:: TASK DIRECTIONS ::
Every record must be given again word for word; no picture belongs in the copy.

START GIVEN ENTRIES

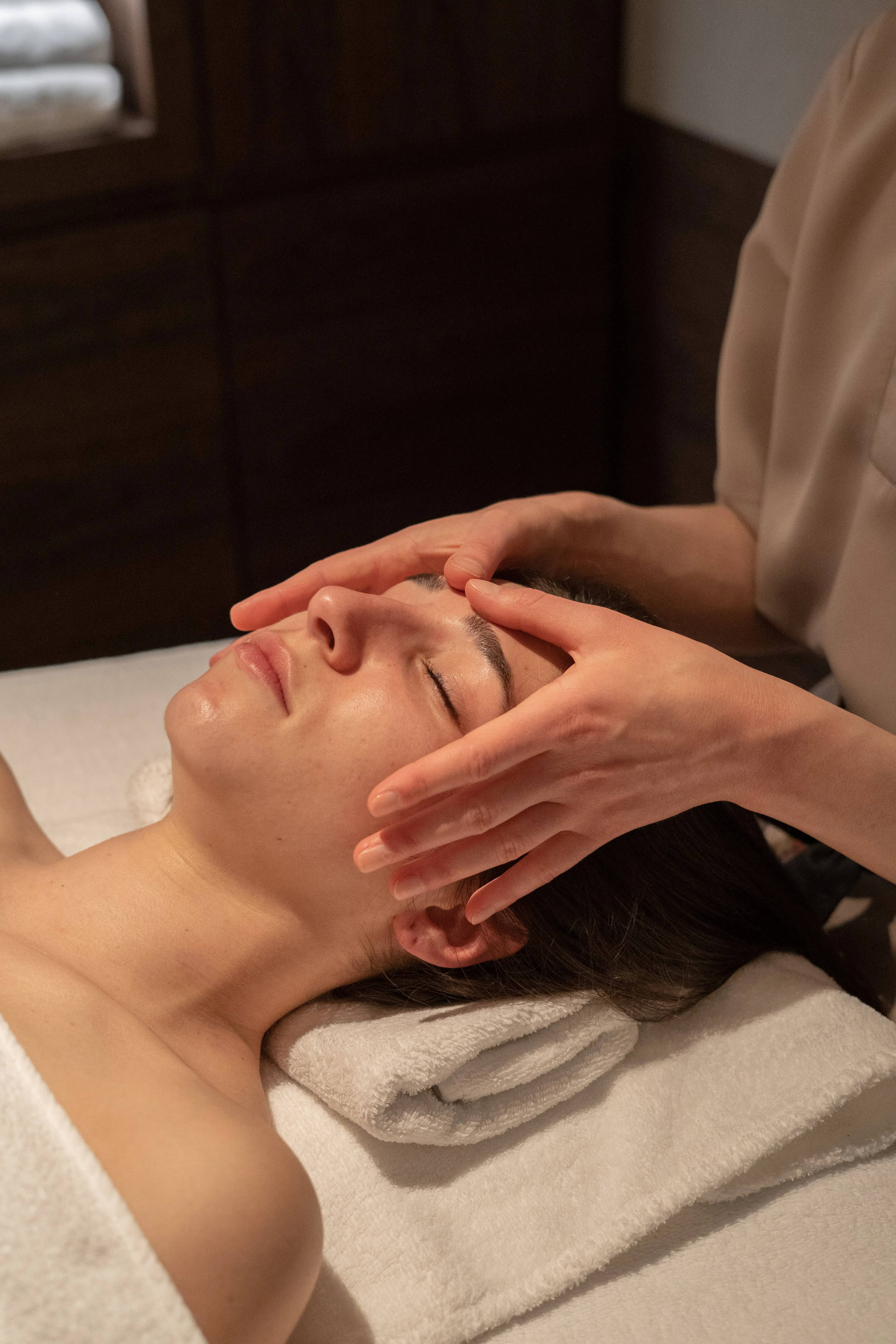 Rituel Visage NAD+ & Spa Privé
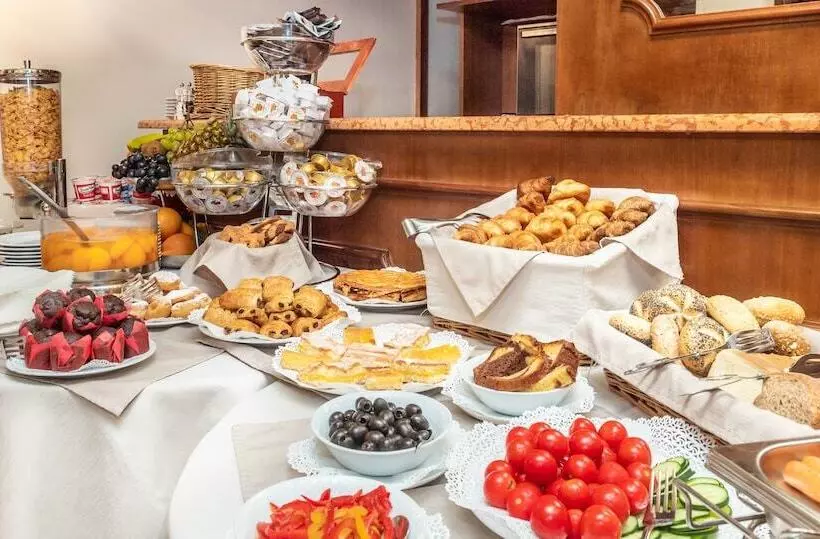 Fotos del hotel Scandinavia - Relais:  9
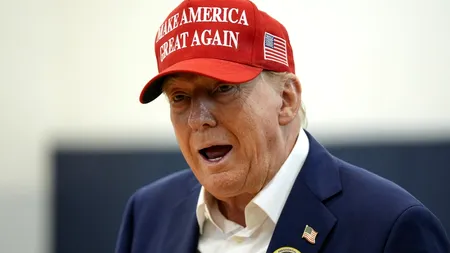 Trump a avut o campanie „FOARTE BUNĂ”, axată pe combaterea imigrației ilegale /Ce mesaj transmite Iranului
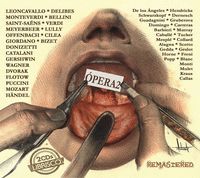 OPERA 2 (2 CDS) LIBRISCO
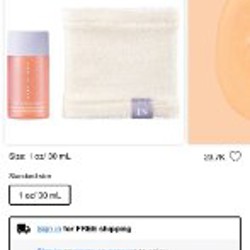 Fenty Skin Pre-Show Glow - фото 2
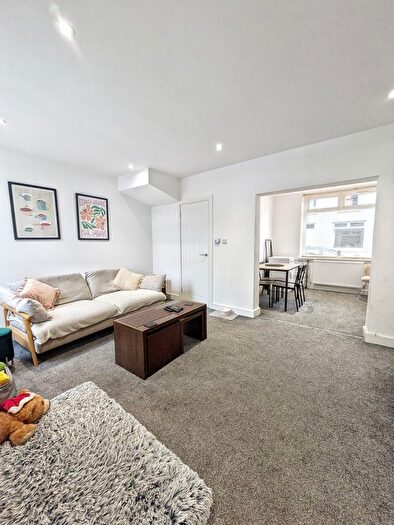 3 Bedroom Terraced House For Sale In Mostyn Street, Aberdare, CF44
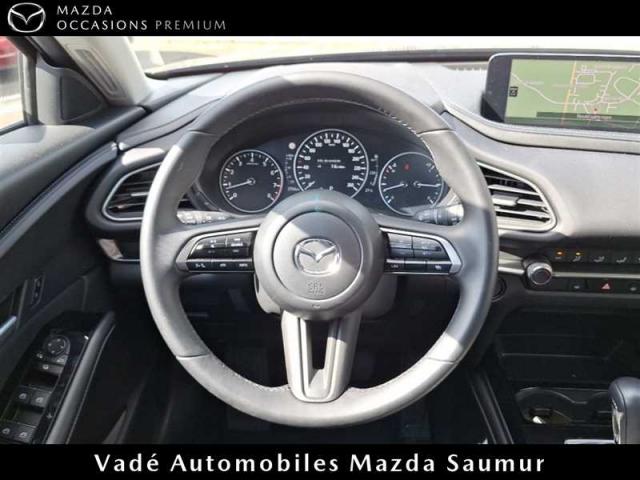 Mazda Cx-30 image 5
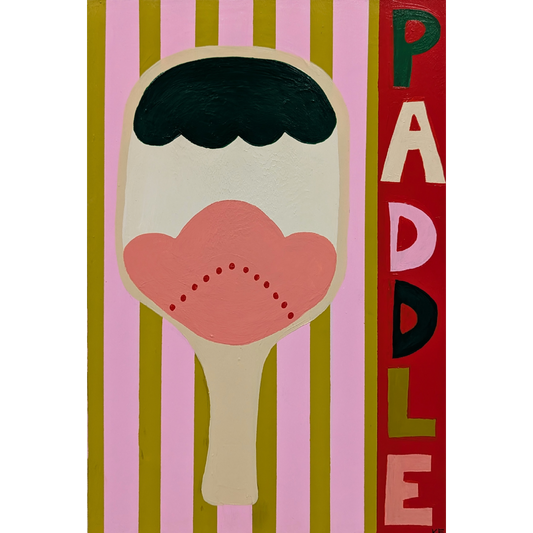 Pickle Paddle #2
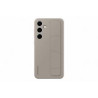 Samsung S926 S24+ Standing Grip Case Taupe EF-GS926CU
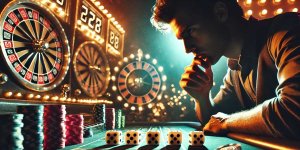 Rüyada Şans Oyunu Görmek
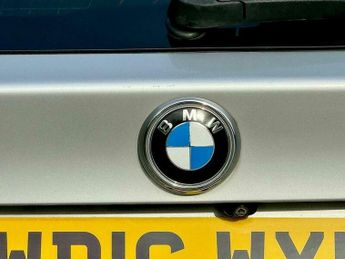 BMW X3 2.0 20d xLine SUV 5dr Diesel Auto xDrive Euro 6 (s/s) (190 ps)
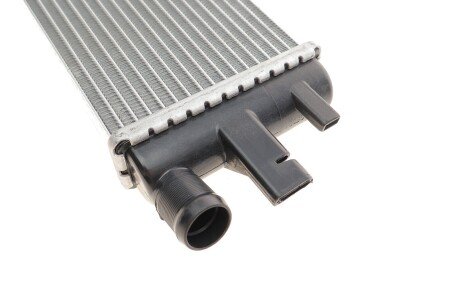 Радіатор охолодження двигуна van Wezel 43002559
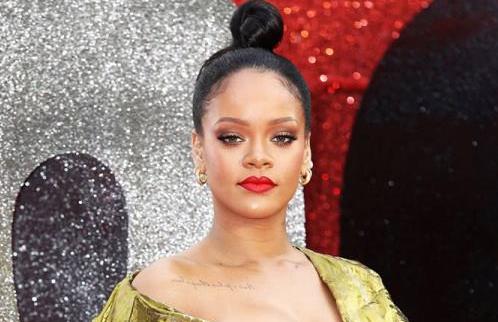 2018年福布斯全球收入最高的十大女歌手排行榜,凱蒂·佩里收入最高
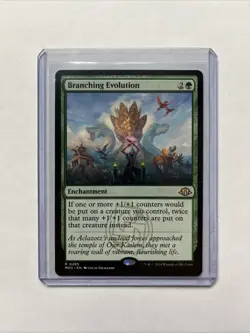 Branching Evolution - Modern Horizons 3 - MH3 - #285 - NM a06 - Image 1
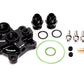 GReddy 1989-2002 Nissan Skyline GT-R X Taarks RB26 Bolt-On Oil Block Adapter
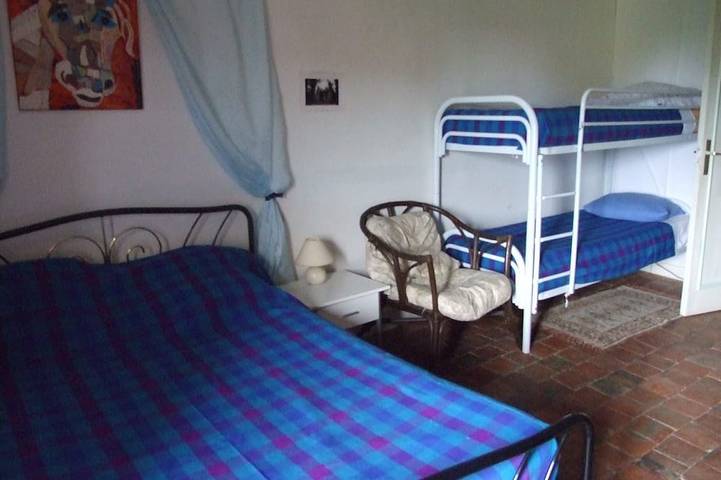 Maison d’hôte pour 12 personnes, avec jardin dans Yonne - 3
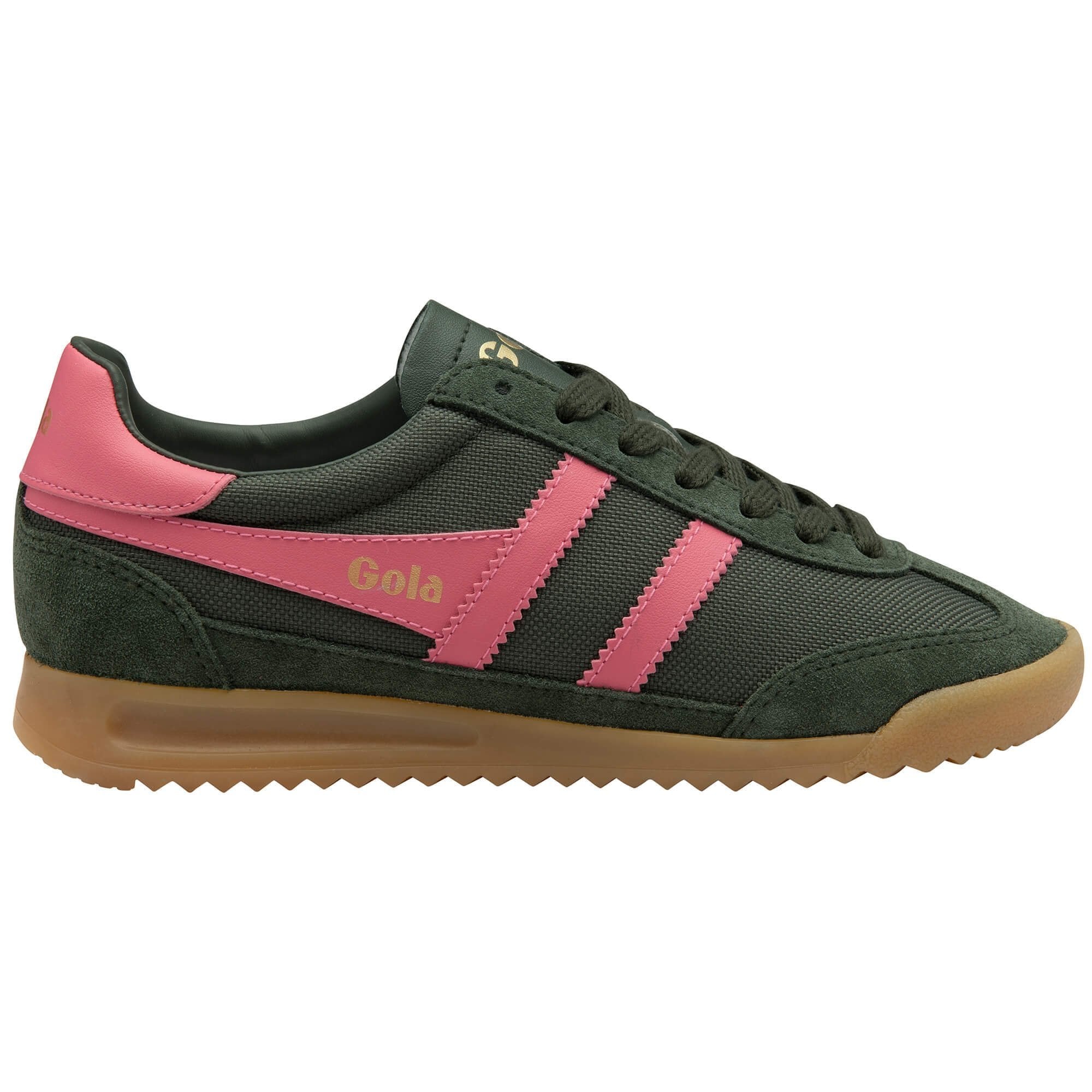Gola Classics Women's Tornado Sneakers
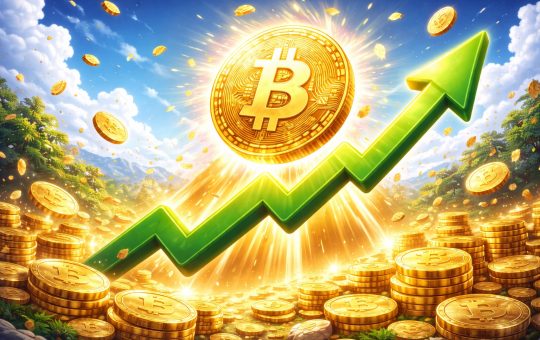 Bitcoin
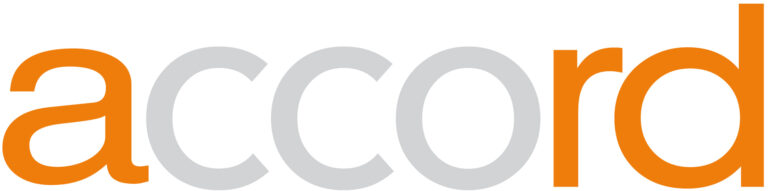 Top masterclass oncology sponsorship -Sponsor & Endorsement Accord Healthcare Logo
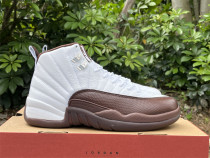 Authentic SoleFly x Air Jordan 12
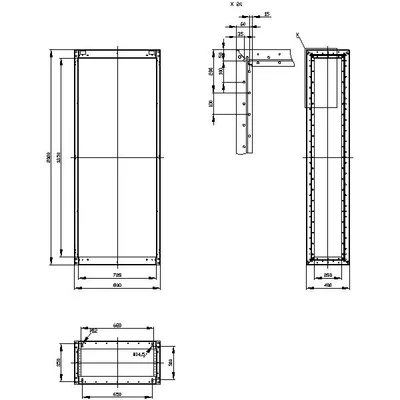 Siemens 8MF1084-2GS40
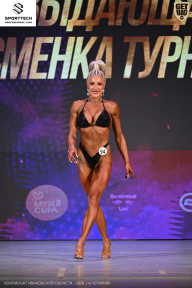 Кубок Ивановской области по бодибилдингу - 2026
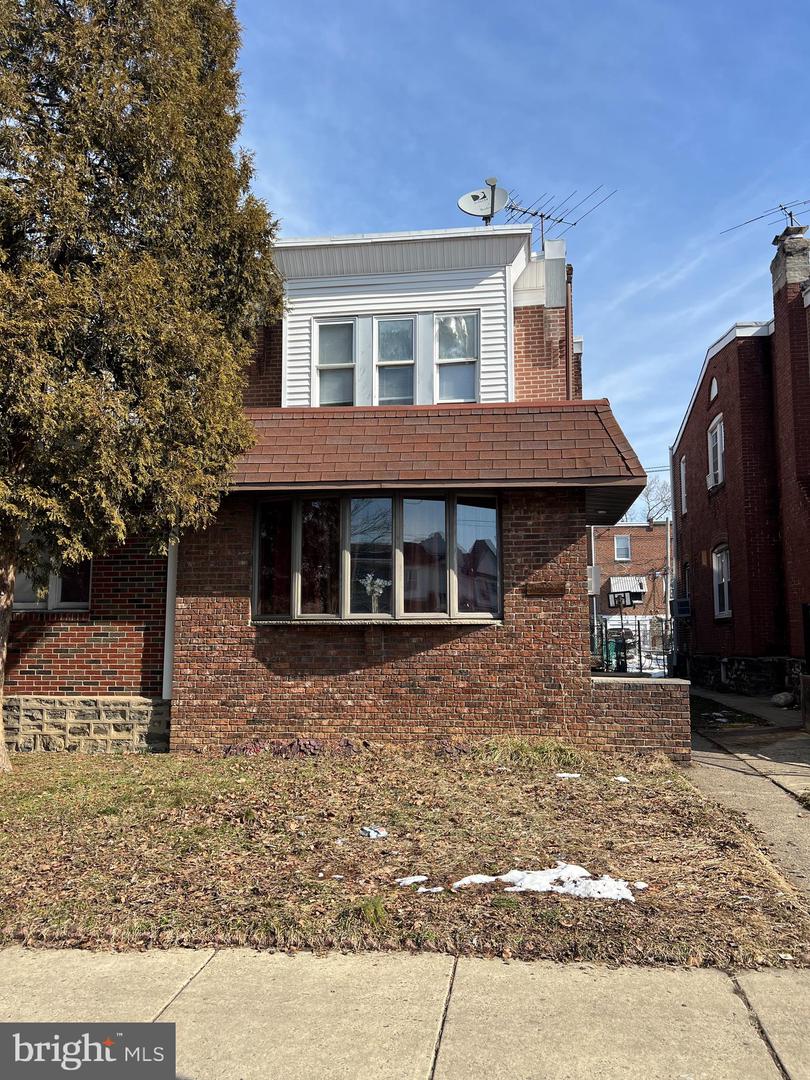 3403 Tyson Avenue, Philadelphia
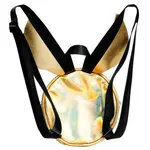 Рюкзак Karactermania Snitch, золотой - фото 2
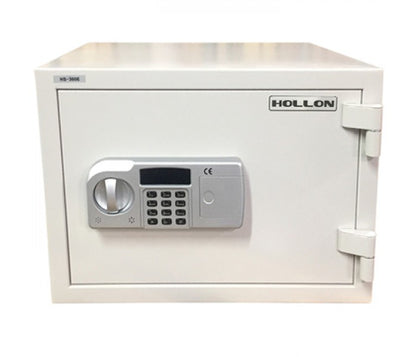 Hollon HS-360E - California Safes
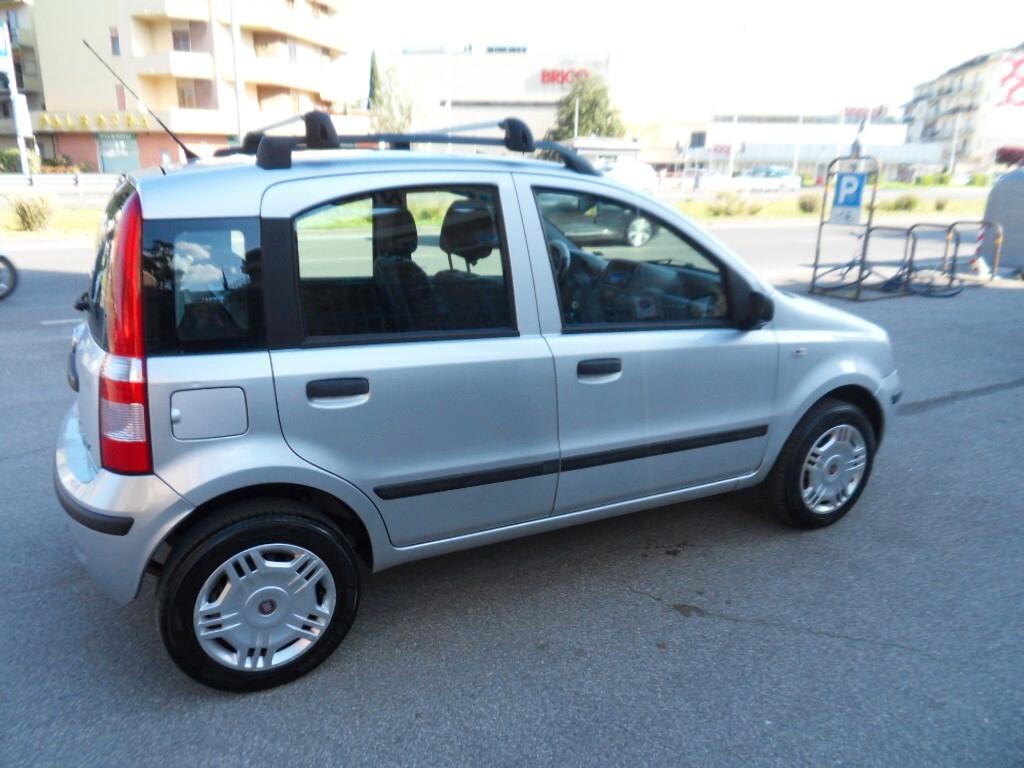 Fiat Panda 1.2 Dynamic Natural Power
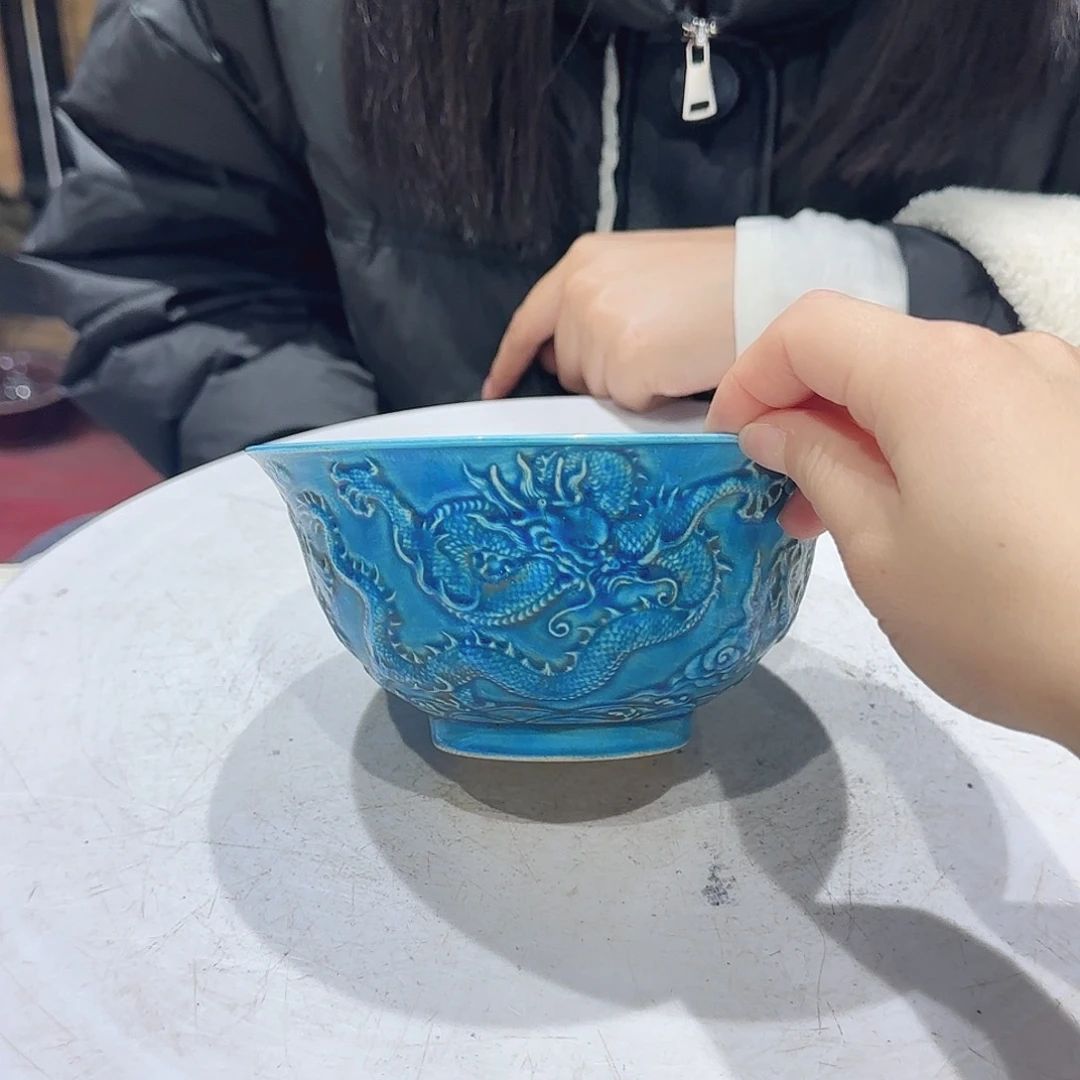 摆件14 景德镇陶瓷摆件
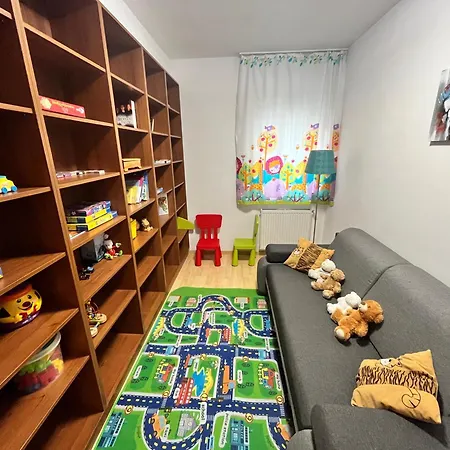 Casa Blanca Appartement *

END GIVEN ENTRIES

:: ANSWER SPACE ::
 Rituel Visage NAD+ & Spa Privé
 Fotos del hotel Scandinavia - Relais:  9
 Trump a avut o campanie „FOARTE BUNĂ”, axată pe combaterea imigrației ilegale /Ce mesaj transmite Iranului
 OPERA 2 (2 CDS) LIBRISCO
 Fenty Skin Pre-Show Glow - фото 2
 3 Bedroom Terraced House For Sale In Mostyn Street, Aberdare, CF44
 Mazda Cx-30 image 5
 Pickle Paddle #2
 Samsung S926 S24+ Standing Grip Case Taupe EF-GS926CU
 Rüyada Şans Oyunu Görmek
 BMW X3 2.0 20d xLine SUV 5dr Diesel Auto xDrive Euro 6 (s/s) (190 ps)
 Радіатор охолодження двигуна van Wezel 43002559
 2018年福布斯全球收入最高的十大女歌手排行榜,凱蒂·佩里收入最高
 Branching Evolution - Modern Horizons 3 - MH3 - #285 - NM a06 - Image 1
 GReddy 1989-2002 Nissan Skyline GT-R X Taarks RB26 Bolt-On Oil Block Adapter
 Maison d’hôte pour 12 personnes, avec jardin dans Yonne - 3
Gola Classics Women's Tornado Sneakers
 Bitcoin
 Top masterclass oncology sponsorship -Sponsor & Endorsement Accord Healthcare Logo
 Authentic SoleFly x Air Jordan 12
 Siemens 8MF1084-2GS40
 Кубок Ивановской области по бодибилдингу - 2026
 3403 Tyson Avenue, Philadelphia
 Рюкзак Karactermania Snitch, золотой - фото 2
 Hollon HS-360E - California Safes
 Fiat Panda 1.2 Dynamic Natural Power
 摆件14 景德镇陶瓷摆件
 Casa Blanca Appartement *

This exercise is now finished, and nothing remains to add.